---- Exercise data

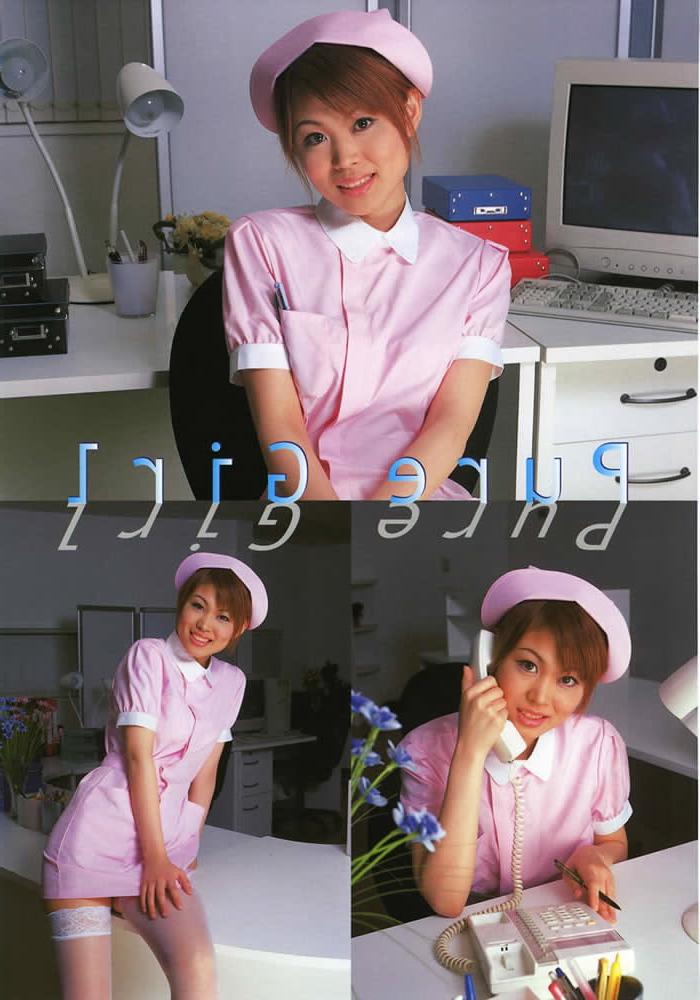 25P Japanese urabon ''Pure girl''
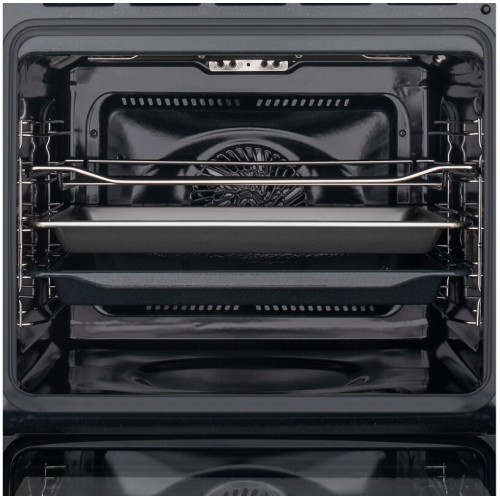 Электрический духовой шкаф MAUNFELD MEOR7216STB (черный) 1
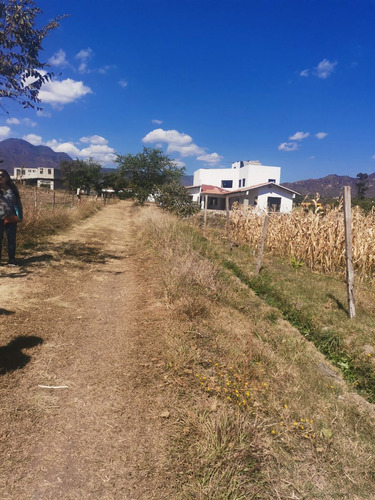 Terreno En Venta En Malinalco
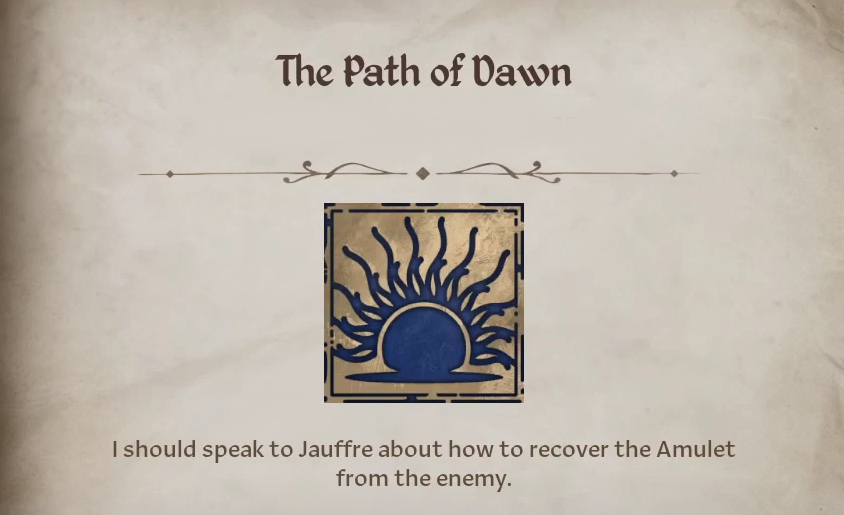 The Path of Dawn Guide &amp; Walkthrough - Oblivion Remastered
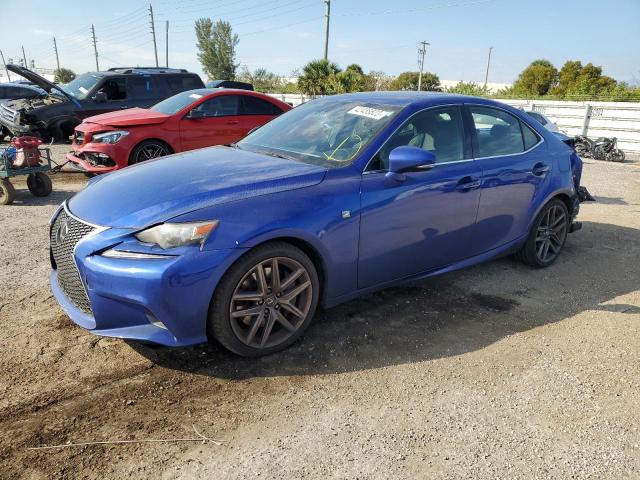 LEXUS IS 200T 2016 jthba1d27g5037923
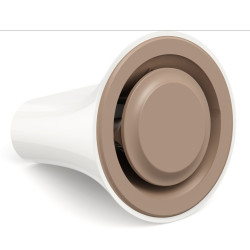 Dreame Glory uscător de păr, 1400W, 110000 rpm, 4 temperaturi, 2 viteze, 57°C, ionizare, termosenzor NTC, indicatori LED, alb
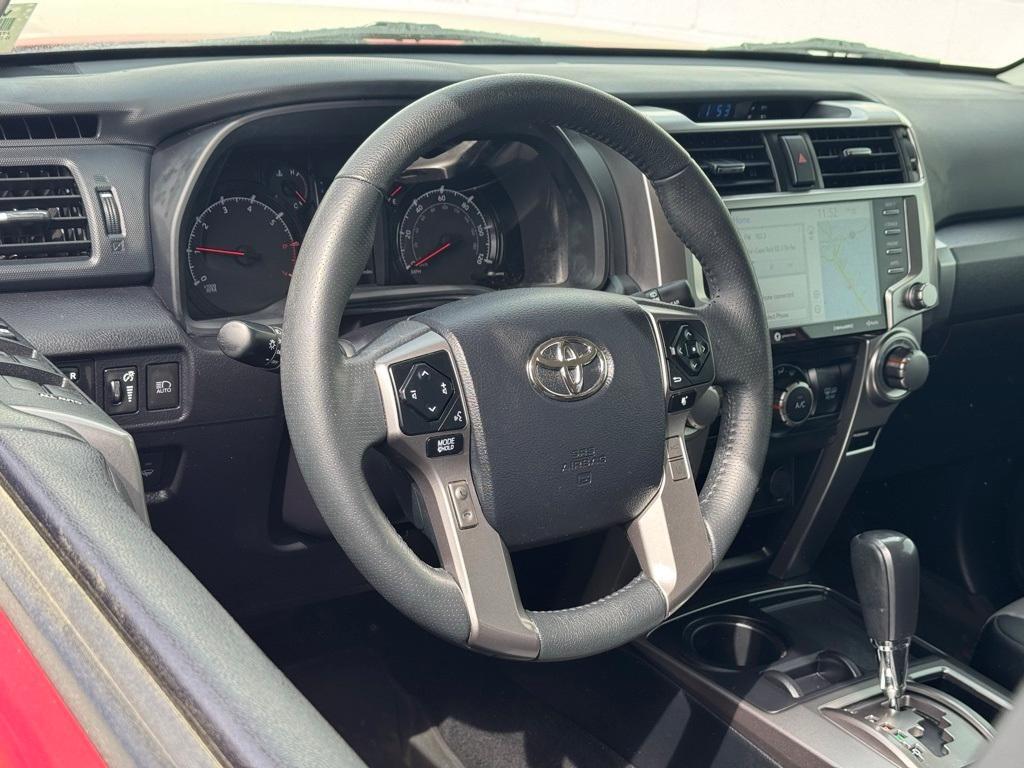 used 2022 Toyota 4Runner car, priced at $39,491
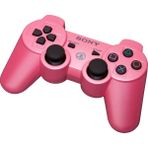 Byoztek Ps3 Oyun Kolu Dualshock 3 Wırelless Controller Pembe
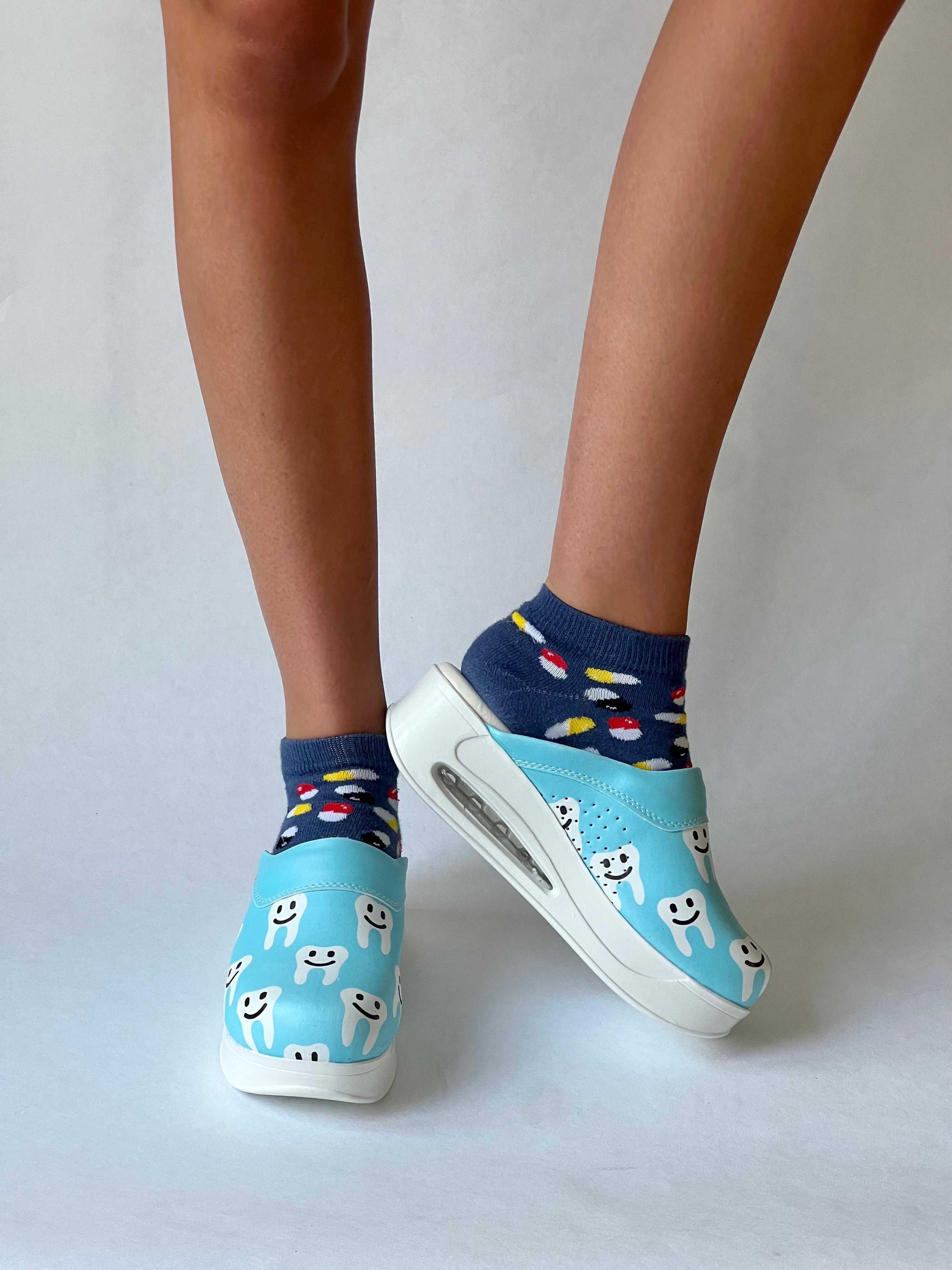 Zähne | Zahnheilkunde AirMeds Clogs
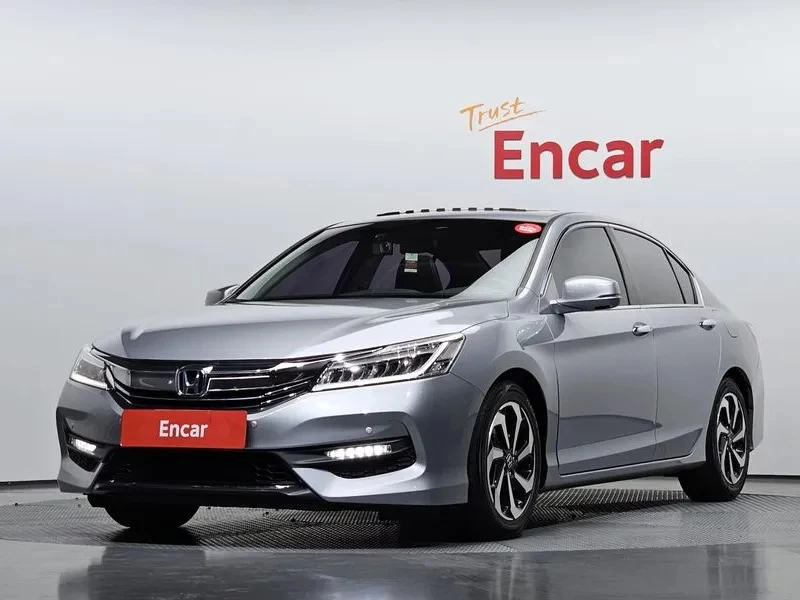 Honda Accord 2.4 9GEN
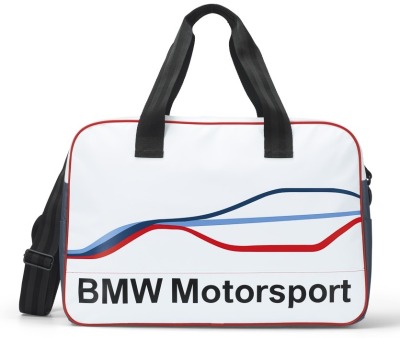 80222285880 — Спортивная сумка MOTORSPORT BMW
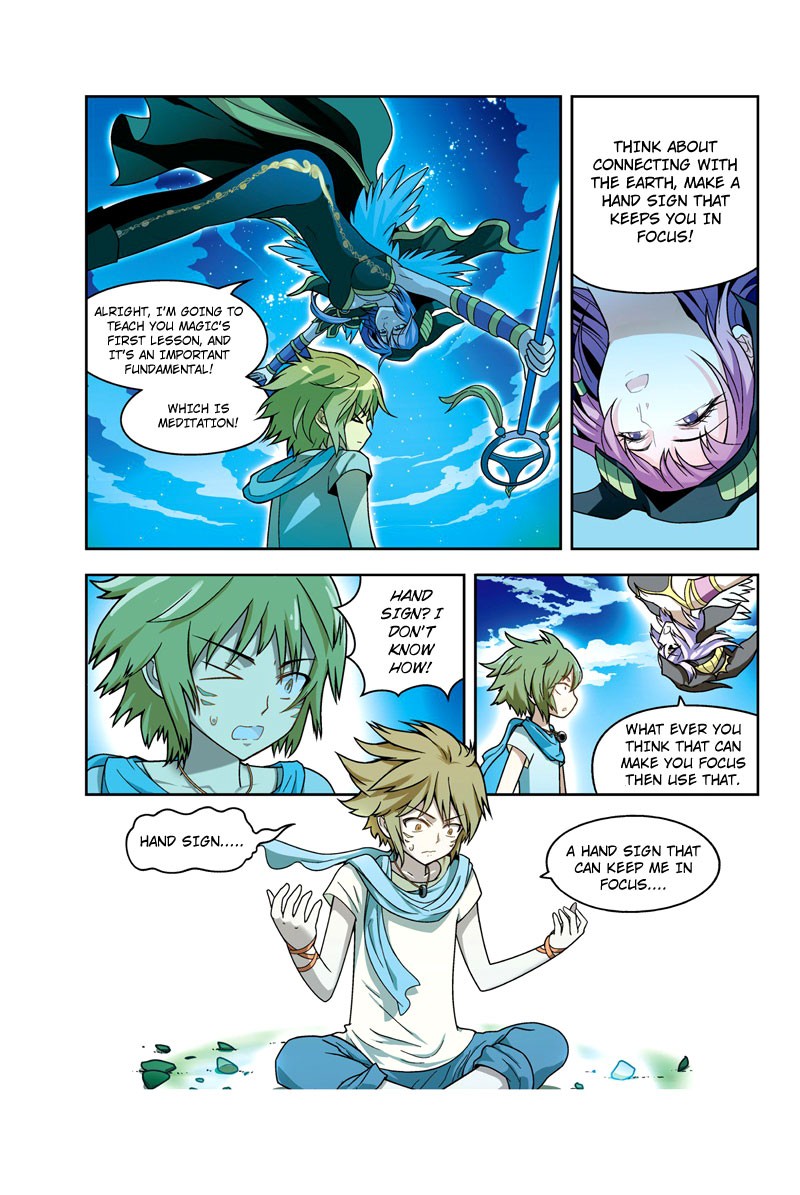 Read Panlong Manga Online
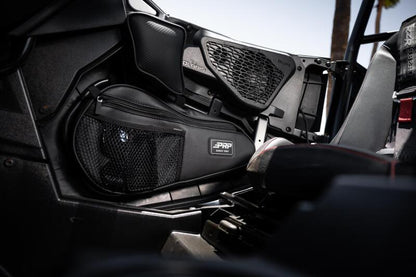 PRP Seats PRP Polaris RZR Lower Door Bags (Pair) E99 E99 Photo - Close Up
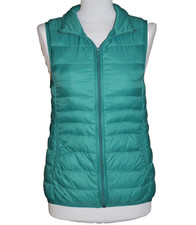 BENETTON Daunenweste Damen Gr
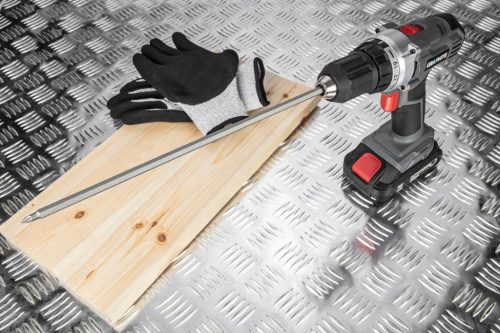 Graphite csavarhúzó bit PZ1x6,35x300 mm, 1/4"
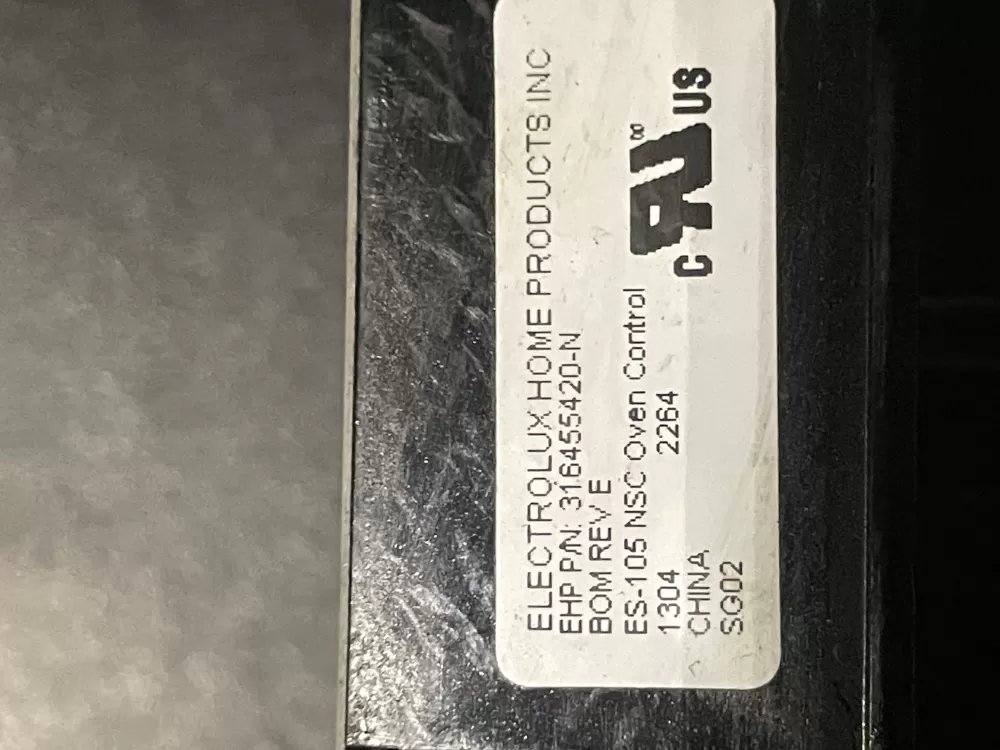 Kenmore AP3960228 1197180 316222811 Oven Control Board AZ28519 | WM230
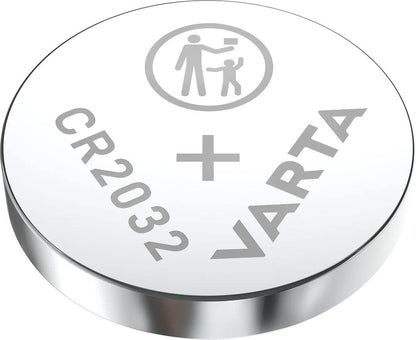 Varta CR2032 monetinės ličio baterijos 20 vnt.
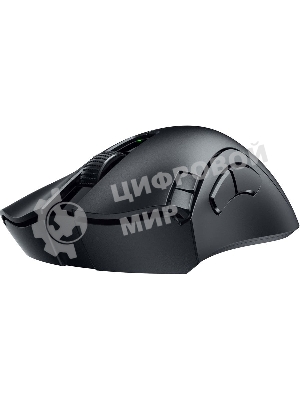Мышь беспроводная Razer DeathAdder V2 X Hyperspeed черный, 14000 dpi, радиоканал, Bluetooth, USB, кнопки - 7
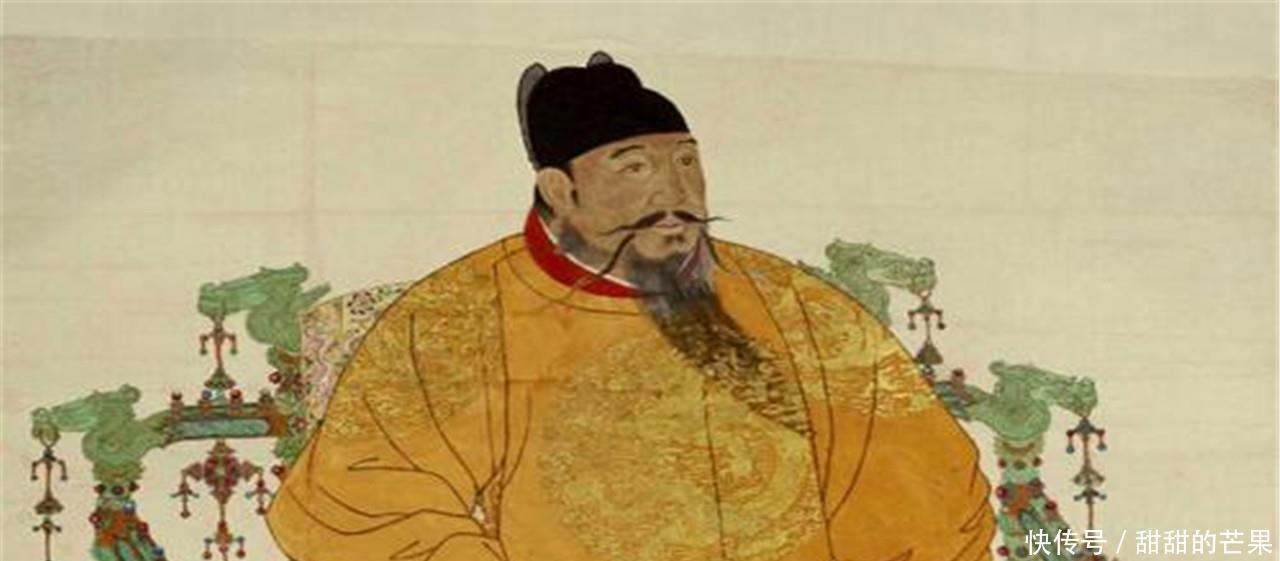 聪明一世|朱元璋聪明一世,生前给孙子留下一笔财富,不想却因此遭祸!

--------

■ What the task requires
Everything from the first line of the records through the line containing "Graphite csavarhúzó bit" should be reproduced exactly, apart from the pictures.

■ Result of the exercise
 25P Japanese urabon ''Pure girl''
 Электрический духовой шкаф MAUNFELD MEOR7216STB (черный) 1
 Terreno En Venta En Malinalco
 The Path of Dawn Guide &amp; Walkthrough - Oblivion Remastered
 LEXUS IS 200T 2016 jthba1d27g5037923
 Dreame Glory uscător de păr, 1400W, 110000 rpm, 4 temperaturi, 2 viteze, 57°C, ionizare, termosenzor NTC, indicatori LED, alb
 used 2022 Toyota 4Runner car, priced at $39,491
 Byoztek Ps3 Oyun Kolu Dualshock 3 Wırelless Controller Pembe
 Zähne | Zahnheilkunde AirMeds Clogs
 Honda Accord 2.4 9GEN
 80222285880 — Спортивная сумка MOTORSPORT BMW
 Read Panlong Manga Online
 PRP Seats PRP Polaris RZR Lower Door Bags (Pair) E99 E99 Photo - Close Up
 BENETTON Daunenweste Damen Gr
 Graphite csavarhúzó bit PZ1x6,35x300 mm, 1/4"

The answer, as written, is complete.